Stephen Cooper, an electrical engineer from New York, who lived part-time in the Delray Beach area of Florida, died on March 28 at the age of 78.
He died at the Delray Medical Center after catching the disease and was among the 138 people who died in Palm Beach County in the first month of the pandemic.
The photo snapped by an Associated Press photographer was published in newspapers and magazines around the world and is featured in the 9/11 Memorial Museum in New York.
He was 60 at the time and photographed running with a manila envelope under his arm alongside several other men as a cloud of smoke from the hit South Tower of the World Trade Center billowed behind.
Stephen Cooper, who was photographed in a famous photo of terrified New Yorkers fleeing the smoke and debris of the falling World Trade Center as it tumbled to the ground on September 11, 2001, has died of coronavirus, his family said. Cooper pictured left with a manila envelope in hand
‘He didn’t even know the photograph was taken,’ Janet Rashes, Cooper’s partner for 33 years said.
‘All of a sudden, he’s looking in Time magazine one day and he sees himself and says, “Oh my God. That’s me.” He was amazed. Couldn’t believe it,’ she added.
Rashes said Cooper was delivering documents near the World Trade Center the morning of 9/11, clueless to the terror unfolding, when he heard a police officer yell at him, ‘You have to run.’
‘Every year on 9/11, he would go looking for the magazine and say, “Look, it’s here again,”‘ Jessica Rashes, Cooper’s 27-year-old daughter said. In 1993, Cooper and Rashes adopted Jessica from Guatemala.
‘He would bring it to family barbecues, parties, anywhere he could show it off.’
Cooper’s longtime friend Susan Gould said he was proud of the photo and purchased multiple copies of Time to hand them out ‘like a calling card’.
She said Cooper shrank a copy of the photo, laminated it, and kept it in his wallet.
‘Stephen was a character,’ Gould said.
He was an electrical engineer from New York who worked for the NY Transit Authority for many years. Pictured right in October 2019
‘Every year on 9/11, he would go looking for the magazine and say, “Look, it’s here again,’ Jessica Rashes, Cooper’s 27-year-old daughter said. In 1993, Cooper and Rashes adopted Jessica from Guatemala.

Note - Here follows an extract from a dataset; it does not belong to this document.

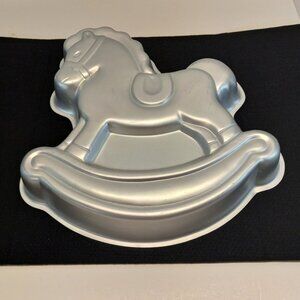 Vintage 1984 Wilton Cake Baking Pan Rocking Horse 2105-2388 Aluminum Mold EUC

Rashes and Cooper pictured with young Jessica in a photo she shared on social media
The iconic photograph was taken by Suzanne Plunkett, who revealed she’s been in touch with two of the people in the photo but she could never reach Cooper.
‘It is a shame I was never aware of the identity of Mr Cooper,’ Plunkett said to the Palm Beach Post.

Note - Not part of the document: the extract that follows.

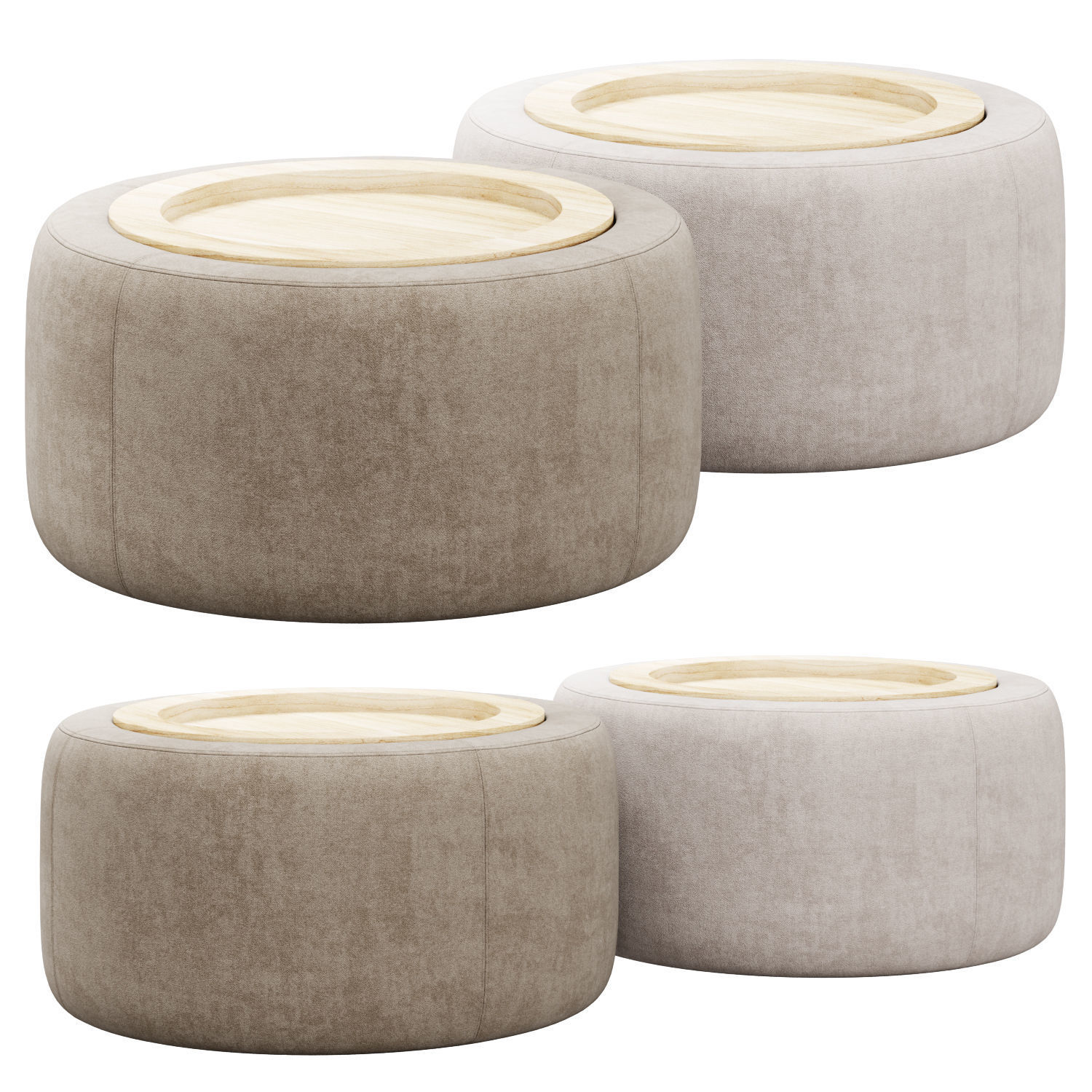 Grover 915mm Fabric Storage Ottoman 3D model_2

Cooper, who was born in the Bronx and served stateside with the Army in the Vietnam War, worked for many years for the New York City Transit Authority.
Cooper was a beloved figure in his neighborhood of Edgemere, New York in Queens, where he owned a home for much of his life.
Cooper was a beloved figure in his neighborhood of Edgemere, New York in Queens, where he owned a home for much of his life and was actively involved in local politics to protect the neighborhood
It’s there he flung himself into local politics and participated in protests to keep the area from being ‘dumped on’ with unwanted projects like landfills. He served as president of the Frank Avenue Civic Association, a community group.
‘He didn’t get too far very often. Sort of a Don Quixote. But the people really liked him because he was there to speak for them,’ Rashes said.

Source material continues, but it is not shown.